---- DATA RECORDS
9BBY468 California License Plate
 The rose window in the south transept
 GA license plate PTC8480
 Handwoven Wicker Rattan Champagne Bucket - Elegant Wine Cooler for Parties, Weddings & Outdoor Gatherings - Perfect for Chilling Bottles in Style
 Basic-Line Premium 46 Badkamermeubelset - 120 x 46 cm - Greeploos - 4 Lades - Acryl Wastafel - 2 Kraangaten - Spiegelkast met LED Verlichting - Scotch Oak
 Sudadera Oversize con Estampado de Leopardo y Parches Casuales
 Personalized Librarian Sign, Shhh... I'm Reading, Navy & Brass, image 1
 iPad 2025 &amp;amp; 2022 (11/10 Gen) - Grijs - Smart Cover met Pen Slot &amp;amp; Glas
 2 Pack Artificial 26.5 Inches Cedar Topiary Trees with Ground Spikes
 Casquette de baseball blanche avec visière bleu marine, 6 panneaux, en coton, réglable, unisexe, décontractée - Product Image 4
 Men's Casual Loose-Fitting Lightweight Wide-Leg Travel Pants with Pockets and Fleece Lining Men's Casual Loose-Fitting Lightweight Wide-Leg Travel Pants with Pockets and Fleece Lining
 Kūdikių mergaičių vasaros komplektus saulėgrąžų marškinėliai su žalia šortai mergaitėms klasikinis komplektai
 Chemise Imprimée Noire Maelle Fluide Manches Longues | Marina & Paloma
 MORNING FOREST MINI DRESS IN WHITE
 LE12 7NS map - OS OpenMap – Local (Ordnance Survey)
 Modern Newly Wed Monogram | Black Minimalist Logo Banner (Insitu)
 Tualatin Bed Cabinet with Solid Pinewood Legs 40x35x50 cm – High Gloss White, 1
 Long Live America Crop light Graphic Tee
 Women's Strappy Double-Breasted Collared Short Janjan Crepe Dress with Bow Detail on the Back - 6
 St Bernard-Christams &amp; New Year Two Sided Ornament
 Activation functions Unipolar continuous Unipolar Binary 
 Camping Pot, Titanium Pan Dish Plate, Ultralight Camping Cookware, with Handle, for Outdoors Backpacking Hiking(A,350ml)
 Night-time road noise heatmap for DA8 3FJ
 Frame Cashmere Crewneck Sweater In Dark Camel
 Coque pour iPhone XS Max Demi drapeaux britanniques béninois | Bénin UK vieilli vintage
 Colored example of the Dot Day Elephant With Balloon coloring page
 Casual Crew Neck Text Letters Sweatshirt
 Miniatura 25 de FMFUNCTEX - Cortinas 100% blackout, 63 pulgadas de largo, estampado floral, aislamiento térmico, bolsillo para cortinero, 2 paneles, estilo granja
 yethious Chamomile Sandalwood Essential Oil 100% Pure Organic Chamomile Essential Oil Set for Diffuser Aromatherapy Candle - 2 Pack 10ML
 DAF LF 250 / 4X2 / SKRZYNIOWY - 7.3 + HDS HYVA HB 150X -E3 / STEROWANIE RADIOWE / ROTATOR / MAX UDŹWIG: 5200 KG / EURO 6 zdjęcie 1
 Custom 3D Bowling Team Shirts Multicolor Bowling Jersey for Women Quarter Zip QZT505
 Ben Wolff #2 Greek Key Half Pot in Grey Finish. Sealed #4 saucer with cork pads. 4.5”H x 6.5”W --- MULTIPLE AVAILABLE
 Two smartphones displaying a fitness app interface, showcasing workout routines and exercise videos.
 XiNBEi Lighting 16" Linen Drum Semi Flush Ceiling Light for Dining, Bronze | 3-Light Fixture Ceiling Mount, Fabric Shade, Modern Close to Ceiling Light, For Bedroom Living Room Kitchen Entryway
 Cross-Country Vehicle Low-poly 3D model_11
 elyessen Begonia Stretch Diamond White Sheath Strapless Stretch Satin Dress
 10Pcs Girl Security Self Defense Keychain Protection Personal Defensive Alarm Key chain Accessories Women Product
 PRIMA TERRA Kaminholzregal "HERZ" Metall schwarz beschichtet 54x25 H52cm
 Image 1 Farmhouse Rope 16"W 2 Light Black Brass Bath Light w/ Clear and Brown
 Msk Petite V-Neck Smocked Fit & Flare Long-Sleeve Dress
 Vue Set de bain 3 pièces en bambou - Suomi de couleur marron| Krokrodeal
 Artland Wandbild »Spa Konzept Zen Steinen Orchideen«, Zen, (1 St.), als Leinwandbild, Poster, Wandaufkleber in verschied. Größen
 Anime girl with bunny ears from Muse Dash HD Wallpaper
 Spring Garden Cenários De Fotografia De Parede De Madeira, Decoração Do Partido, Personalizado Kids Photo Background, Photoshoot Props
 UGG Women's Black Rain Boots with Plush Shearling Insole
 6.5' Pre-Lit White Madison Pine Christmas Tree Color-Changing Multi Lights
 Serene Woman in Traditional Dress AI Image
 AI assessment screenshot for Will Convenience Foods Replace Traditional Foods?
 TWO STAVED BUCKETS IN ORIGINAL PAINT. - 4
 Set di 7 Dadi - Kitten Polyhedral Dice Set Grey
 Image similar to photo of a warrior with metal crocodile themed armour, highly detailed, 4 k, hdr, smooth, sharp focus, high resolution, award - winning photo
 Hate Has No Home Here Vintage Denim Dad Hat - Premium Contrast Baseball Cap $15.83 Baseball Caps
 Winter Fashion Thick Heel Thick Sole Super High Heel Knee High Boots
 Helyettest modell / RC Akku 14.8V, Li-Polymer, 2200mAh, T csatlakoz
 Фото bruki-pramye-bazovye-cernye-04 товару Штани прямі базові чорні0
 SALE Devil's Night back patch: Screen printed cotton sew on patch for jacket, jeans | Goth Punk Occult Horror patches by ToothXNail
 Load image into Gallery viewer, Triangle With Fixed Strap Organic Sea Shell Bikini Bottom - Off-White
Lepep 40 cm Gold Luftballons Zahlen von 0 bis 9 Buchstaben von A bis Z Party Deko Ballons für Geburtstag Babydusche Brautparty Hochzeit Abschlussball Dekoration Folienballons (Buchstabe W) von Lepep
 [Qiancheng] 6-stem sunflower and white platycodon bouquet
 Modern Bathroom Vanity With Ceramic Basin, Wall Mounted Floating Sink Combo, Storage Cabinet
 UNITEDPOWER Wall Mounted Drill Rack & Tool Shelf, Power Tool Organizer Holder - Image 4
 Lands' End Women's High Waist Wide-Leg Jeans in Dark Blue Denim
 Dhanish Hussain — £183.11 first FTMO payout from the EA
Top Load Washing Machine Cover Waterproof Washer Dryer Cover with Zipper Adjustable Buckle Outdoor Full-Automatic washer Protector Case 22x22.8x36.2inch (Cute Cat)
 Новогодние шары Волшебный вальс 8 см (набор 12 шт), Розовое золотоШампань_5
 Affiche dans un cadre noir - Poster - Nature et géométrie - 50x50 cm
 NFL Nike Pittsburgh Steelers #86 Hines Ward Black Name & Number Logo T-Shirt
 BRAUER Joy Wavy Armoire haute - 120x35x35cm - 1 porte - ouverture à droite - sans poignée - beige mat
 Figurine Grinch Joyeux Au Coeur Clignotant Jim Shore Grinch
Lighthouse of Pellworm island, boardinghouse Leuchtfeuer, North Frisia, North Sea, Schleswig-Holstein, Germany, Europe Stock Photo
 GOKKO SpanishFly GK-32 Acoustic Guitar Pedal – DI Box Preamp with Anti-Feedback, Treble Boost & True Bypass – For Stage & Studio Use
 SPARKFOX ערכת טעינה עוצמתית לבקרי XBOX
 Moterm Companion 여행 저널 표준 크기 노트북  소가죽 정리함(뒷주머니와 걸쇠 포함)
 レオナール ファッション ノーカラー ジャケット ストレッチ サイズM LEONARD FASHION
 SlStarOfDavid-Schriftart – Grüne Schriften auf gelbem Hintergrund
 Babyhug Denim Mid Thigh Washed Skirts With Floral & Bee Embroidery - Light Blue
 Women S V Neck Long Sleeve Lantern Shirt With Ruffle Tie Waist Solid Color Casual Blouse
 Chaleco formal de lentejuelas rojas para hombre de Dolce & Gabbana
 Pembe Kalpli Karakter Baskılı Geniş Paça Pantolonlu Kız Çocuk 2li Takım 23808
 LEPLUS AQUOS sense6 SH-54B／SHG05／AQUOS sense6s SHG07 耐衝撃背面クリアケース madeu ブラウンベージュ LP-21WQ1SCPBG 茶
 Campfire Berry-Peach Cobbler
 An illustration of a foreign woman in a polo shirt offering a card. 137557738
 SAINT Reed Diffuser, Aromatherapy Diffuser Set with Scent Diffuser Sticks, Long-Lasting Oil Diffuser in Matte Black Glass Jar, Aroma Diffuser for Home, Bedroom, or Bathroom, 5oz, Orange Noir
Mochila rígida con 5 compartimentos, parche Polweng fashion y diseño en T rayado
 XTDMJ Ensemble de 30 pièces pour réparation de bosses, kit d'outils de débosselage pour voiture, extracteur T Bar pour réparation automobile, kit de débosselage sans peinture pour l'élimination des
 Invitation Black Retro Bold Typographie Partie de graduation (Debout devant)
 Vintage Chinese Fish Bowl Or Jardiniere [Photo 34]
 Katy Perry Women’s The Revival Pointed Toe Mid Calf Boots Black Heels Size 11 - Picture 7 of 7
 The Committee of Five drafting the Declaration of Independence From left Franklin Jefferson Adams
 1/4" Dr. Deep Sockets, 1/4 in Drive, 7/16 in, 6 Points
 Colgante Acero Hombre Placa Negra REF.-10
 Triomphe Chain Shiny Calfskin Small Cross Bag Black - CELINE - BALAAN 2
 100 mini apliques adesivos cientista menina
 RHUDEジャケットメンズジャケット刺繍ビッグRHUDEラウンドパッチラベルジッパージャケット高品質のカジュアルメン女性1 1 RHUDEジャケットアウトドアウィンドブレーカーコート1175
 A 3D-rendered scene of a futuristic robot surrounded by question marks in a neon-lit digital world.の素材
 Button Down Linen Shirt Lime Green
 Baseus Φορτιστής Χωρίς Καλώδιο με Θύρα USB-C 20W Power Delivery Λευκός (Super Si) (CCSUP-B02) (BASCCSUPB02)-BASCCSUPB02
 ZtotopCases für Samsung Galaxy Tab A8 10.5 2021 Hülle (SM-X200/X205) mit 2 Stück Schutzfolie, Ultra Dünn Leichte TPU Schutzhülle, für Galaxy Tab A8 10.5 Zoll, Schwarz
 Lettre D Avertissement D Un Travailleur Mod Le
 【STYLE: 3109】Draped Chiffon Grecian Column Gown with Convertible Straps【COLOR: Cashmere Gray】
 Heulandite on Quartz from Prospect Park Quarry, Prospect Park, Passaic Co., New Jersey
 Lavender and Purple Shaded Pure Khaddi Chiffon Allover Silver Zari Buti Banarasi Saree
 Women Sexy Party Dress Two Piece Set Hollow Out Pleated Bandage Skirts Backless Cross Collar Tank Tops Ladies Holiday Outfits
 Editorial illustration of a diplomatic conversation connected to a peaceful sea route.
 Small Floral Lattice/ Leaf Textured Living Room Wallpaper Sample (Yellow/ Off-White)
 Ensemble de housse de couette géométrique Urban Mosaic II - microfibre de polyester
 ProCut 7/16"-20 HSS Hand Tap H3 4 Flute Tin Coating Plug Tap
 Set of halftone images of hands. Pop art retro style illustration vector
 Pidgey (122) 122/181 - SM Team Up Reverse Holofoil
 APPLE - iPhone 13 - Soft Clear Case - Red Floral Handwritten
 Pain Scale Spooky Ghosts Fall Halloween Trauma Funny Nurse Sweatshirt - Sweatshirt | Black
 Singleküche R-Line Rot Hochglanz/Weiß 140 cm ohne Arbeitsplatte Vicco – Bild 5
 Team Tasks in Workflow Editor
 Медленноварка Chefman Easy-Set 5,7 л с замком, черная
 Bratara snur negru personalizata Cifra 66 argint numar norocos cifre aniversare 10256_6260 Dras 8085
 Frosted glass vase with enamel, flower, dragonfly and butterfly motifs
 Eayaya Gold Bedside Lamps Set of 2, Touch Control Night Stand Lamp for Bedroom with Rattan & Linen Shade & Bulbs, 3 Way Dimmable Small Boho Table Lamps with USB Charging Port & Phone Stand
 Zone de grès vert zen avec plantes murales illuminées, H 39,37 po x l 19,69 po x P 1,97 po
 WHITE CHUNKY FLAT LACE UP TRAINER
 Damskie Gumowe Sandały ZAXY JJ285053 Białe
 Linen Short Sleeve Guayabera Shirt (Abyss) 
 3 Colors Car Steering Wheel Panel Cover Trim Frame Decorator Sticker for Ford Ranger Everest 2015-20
--------
**WHAT THE TASK ASKS**. Please copy, exactly and with nothing else, the lines above beginning at the line that has "Campfire Berry-Peach Cobbler" and ending with the line that has "100 mini apliques adesivos cientista menina".

**ANSWER FOR THIS EXERCISE**.
 Campfire Berry-Peach Cobbler
 An illustration of a foreign woman in a polo shirt offering a card. 137557738
 SAINT Reed Diffuser, Aromatherapy Diffuser Set with Scent Diffuser Sticks, Long-Lasting Oil Diffuser in Matte Black Glass Jar, Aroma Diffuser for Home, Bedroom, or Bathroom, 5oz, Orange Noir
Mochila rígida con 5 compartimentos, parche Polweng fashion y diseño en T rayado
 XTDMJ Ensemble de 30 pièces pour réparation de bosses, kit d'outils de débosselage pour voiture, extracteur T Bar pour réparation automobile, kit de débosselage sans peinture pour l'élimination des
 Invitation Black Retro Bold Typographie Partie de graduation (Debout devant)
 Vintage Chinese Fish Bowl Or Jardiniere [Photo 34]
 Katy Perry Women’s The Revival Pointed Toe Mid Calf Boots Black Heels Size 11 - Picture 7 of 7
 The Committee of Five drafting the Declaration of Independence From left Franklin Jefferson Adams
 1/4" Dr. Deep Sockets, 1/4 in Drive, 7/16 in, 6 Points
 Colgante Acero Hombre Placa Negra REF.-10
 Triomphe Chain Shiny Calfskin Small Cross Bag Black - CELINE - BALAAN 2
 100 mini apliques adesivos cientista menina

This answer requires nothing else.